Over the past couple of years, the evolution of Chicago’s Motorola Mobility division has made headlines time and again. Now things may be settling down: In October, Lenovo Group completed its purchase of the Libertyville-based company from Google, a $2.91 billion deal that guarantees the unit will stay in Chicago. As part of the deal, Google will keep many patents and license them to Lenovo, while about 2,000 patents will go to the latter. Lenovo has struggled to bring its own smartphones into the U.S. market, so this may be its best chance to grow that business on these shores. According to IDC, Motorola Mobility has 10 percent of the U.S. market for smartphones, shipping 11.7 million units in the third quarter, up from 2.5 million a year earlier.

Lenovo may also want to follow the lead of some other suburban companies and plant a flag downtown. “Although we are seeing more businesses growing a presence in the suburbs, they are also opening up locations in the Loop to attract the best technical talent,” said Justin Priest, Chicago managing director of recruiting firm Randstad Technologies. 

Check out the latest tech jobs in Chicago.

Lenovo competitor Dell is also establishing a foothold in Chicago, planning to open a customer-solutions center in the city in early 2015. The facility, which will be one of 15 worldwide, will be a place for enterprise customers and channel partners to try out Dell products.

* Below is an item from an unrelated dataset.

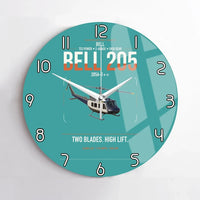 Thumbnail for Bell 205A-1++ design on turquoise no frame wall clock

Chicago’s healthcare IT market will get a big boost when Matter, a new healthcare tech incubator opening soon at the Merchandise Mart, gets up and running. It has selected its first 10 startups, all of which are from the Chicago area. Up to 200 people may end up working at Matter, with most companies expected to have between one and 10 employees. Half the startups were founded by doctors, four were created by serial entrepreneurs, and three have been through accelerator programs. The list:

  • AltaThera Pharmaceuticals
  • Caretree
  • CancerIQ
  • Coeus Health
  • ProVazo,
  • Qualia Health
  • Regroup Therapies
  • Resonance Medical
  • Sparrow Pharmaceuticals
  • TeleHealth Robotics

One startup that’s already seen big success is Big-Data innovator 640 Labs, which was bought by San Francisco-based Climate Corp., a technology unit of Monsanto. The company uses GPS, wireless, and mobile tech to give farmers data on crops and equipment. Climate Corp. has about 700 employees and plans to recruit more workers in Chicago and look for a larger space. “Chicago’s got great talent in data analytics and mobile software development,” co-founder Corbett Kull told the Chicago Business Journal.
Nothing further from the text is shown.